Re: [PATCH v4 6/6] fuse: remove tmp folio for writebacks and internal rb tree

Jingbo Xu <jefflexu@xxxxxxxxxxxxxxxxx> · Mon, 11 Nov 2024 16:32:20 +0800

Hi, Joanne and Miklos,

On 11/8/24 7:56 AM, Joanne Koong wrote:
> Currently, we allocate and copy data to a temporary folio when
> handling writeback in order to mitigate the following deadlock scenario
> that may arise if reclaim waits on writeback to complete:
> * single-threaded FUSE server is in the middle of handling a request
>   that needs a memory allocation
> * memory allocation triggers direct reclaim
> * direct reclaim waits on a folio under writeback
> * the FUSE server can't write back the folio since it's stuck in
>   direct reclaim
> 
> To work around this, we allocate a temporary folio and copy over the
> original folio to the temporary folio so that writeback can be
> immediately cleared on the original folio.
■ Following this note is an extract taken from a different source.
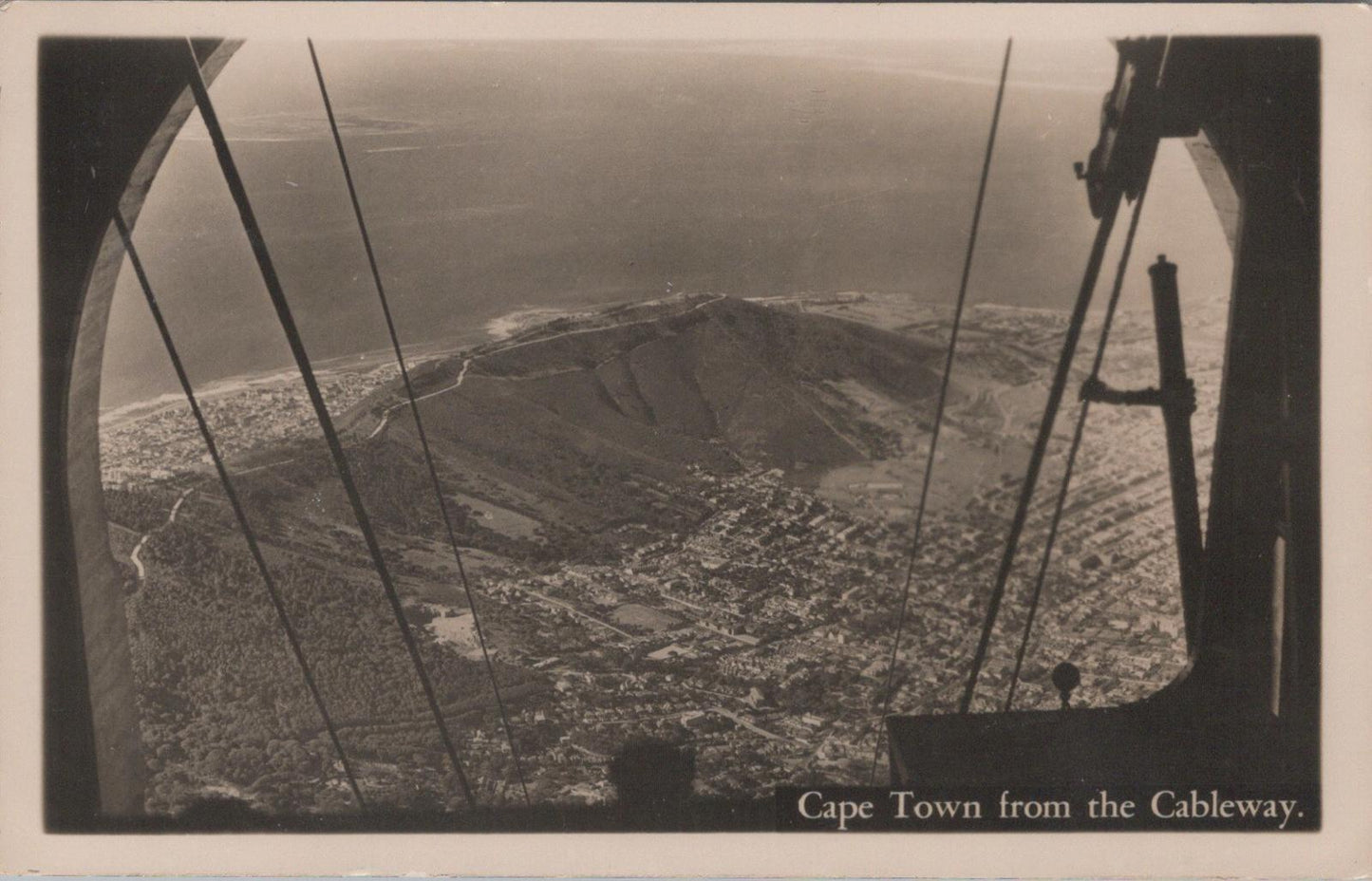 South Africa Postcard - Aerial View of Cape Town From The Cableway  XT755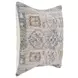 Performance Lukens Gray and Brown Square Accent Pillow Set of 2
This additionally requires us
> to maintain an internal rb tree to keep track of writeback state on the
> temporary folios.
> 
> A recent change prevents reclaim logic from waiting on writeback for
> folios whose mappings have the AS_WRITEBACK_MAY_BLOCK flag set in it.
> This commit sets AS_WRITEBACK_MAY_BLOCK on FUSE inode mappings (which
> will prevent FUSE folios from running into the reclaim deadlock described
> above) and removes the temporary folio + extra copying and the internal
> rb tree.
> 
> fio benchmarks --
> (using averages observed from 10 runs, throwing away outliers)
> 
> Setup:
> sudo mount -t tmpfs -o size=30G tmpfs ~/tmp_mount
>  ./libfuse/build/example/passthrough_ll -o writeback -o max_threads=4 -o source=~/tmp_mount ~/fuse_mount
> 
> fio --name=writeback --ioengine=sync --rw=write --bs={1k,4k,1M} --size=2G
> --numjobs=2 --ramp_time=30 --group_reporting=1 --directory=/root/fuse_mount
> 
>         bs =  1k          4k            1M
> Before  351 MiB/s     1818 MiB/s     1851 MiB/s
> After   341 MiB/s     2246 MiB/s     2685 MiB/s
> % diff        -3%          23%         45%
> 
> Signed-off-by: Joanne Koong <joannelkoong@xxxxxxxxx>

IIUC this patch seems to break commit
8b284dc47291daf72fe300e1138a2e7ed56f38ab ("fuse: writepages: handle same
page rewrites").

> -	/*
> -	 * Being under writeback is unlikely but possible.  For example direct
> -	 * read to an mmaped fuse file will set the page dirty twice; once when
> -	 * the pages are faulted with get_user_pages(), and then after the read
> -	 * completed.
> -	 */

In short, the target scenario is like:

```
# open a fuse file and mmap
fd1 = open("fuse-file-path", ...)
uaddr = mmap(fd1, ...)

# DIRECT read to the mmaped fuse file
fd2 = open("ext4-file-path", O_DIRECT, ...)
read(fd2, uaddr, ...)
    # get_user_pages() of uaddr, and triggers faultin
    # a_ops->dirty_folio() <--- mark PG_dirty

    # when DIRECT IO completed:
    # a_ops->dirty_folio() <--- mark PG_dirty
```

The auxiliary write request list was introduced to fix this.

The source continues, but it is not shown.